Distribution Agnostic Symbolic Representations for Time Series Dimensionality Reduction and Online Anomaly Detection
This work addresses limitations in time series analysis for applications like indexing and anomaly detection, offering incremental improvements over existing SAX methods.
The paper tackles the restrictive Gaussian and equiprobable symbol assumptions in SAX-based time series representations by proposing two novel data-driven methods: one using kernel density estimation and Lloyd-Max quantization for general compaction, and another using Mean-Shift clustering for enhanced anomaly detection, showing superiority over traditional SAX in experiments on real-world datasets.

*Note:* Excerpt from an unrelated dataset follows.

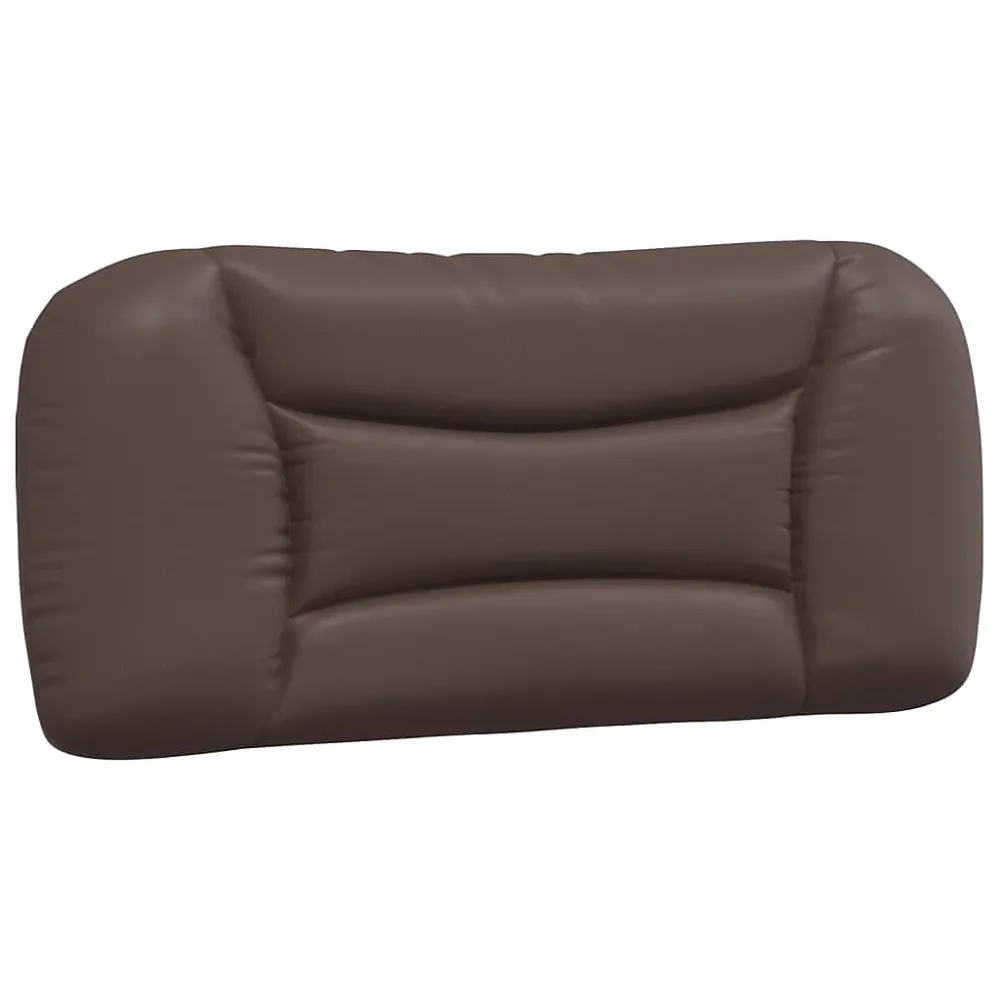 Lit, literie et linge de lit – Coussin de tête de lit Hvar marron 90 cm similicuir vidaXL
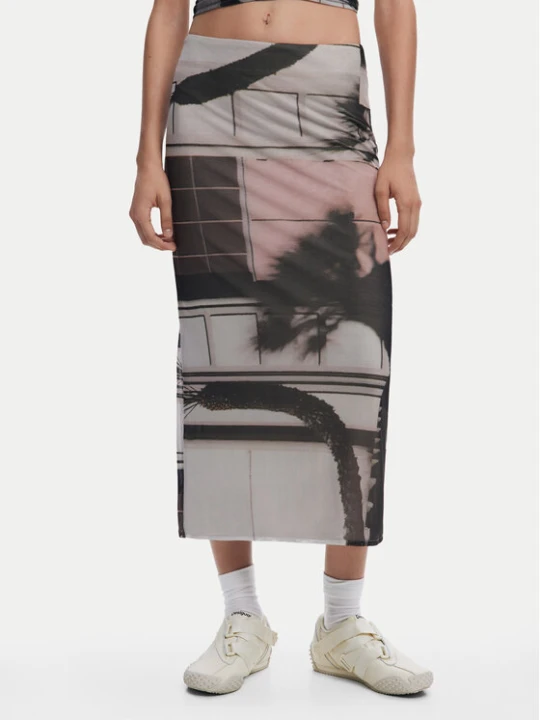 Foto del prodotto Desigual gonna di tulle 25SWFK05 Multicolore Regular Fit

Due to the importance of the lower bounding distances and the attractiveness of symbolic representations, the family of symbolic aggregate approximations (SAX) has been used extensively for encoding time series data. However, typical SAX-based methods rely on two restrictive assumptions; the Gaussian distribution and equiprobable symbols. This paper proposes two novel data-driven SAX-based symbolic representations, distinguished by their discretization steps. The first representation, oriented for general data compaction and indexing scenarios, is based on the combination of kernel density estimation and Lloyd-Max quantization to minimize the information loss and mean squared error in the discretization step. The second method, oriented for high-level mining tasks, employs the Mean-Shift clustering method and is shown to enhance anomaly detection in the lower-dimensional space. Besides, we verify on a theoretical basis a previously observed phenomenon of the intrinsic process that results in a lower than the expected variance of the intermediate piecewise aggregate approximation. This phenomenon causes an additional information loss but can be avoided with a simple modification. The proposed representations possess all the attractive properties of the conventional SAX method. Furthermore, experimental evaluation on real-world datasets demonstrates their superiority compared to the traditional SAX and an alternative data-driven SAX variant.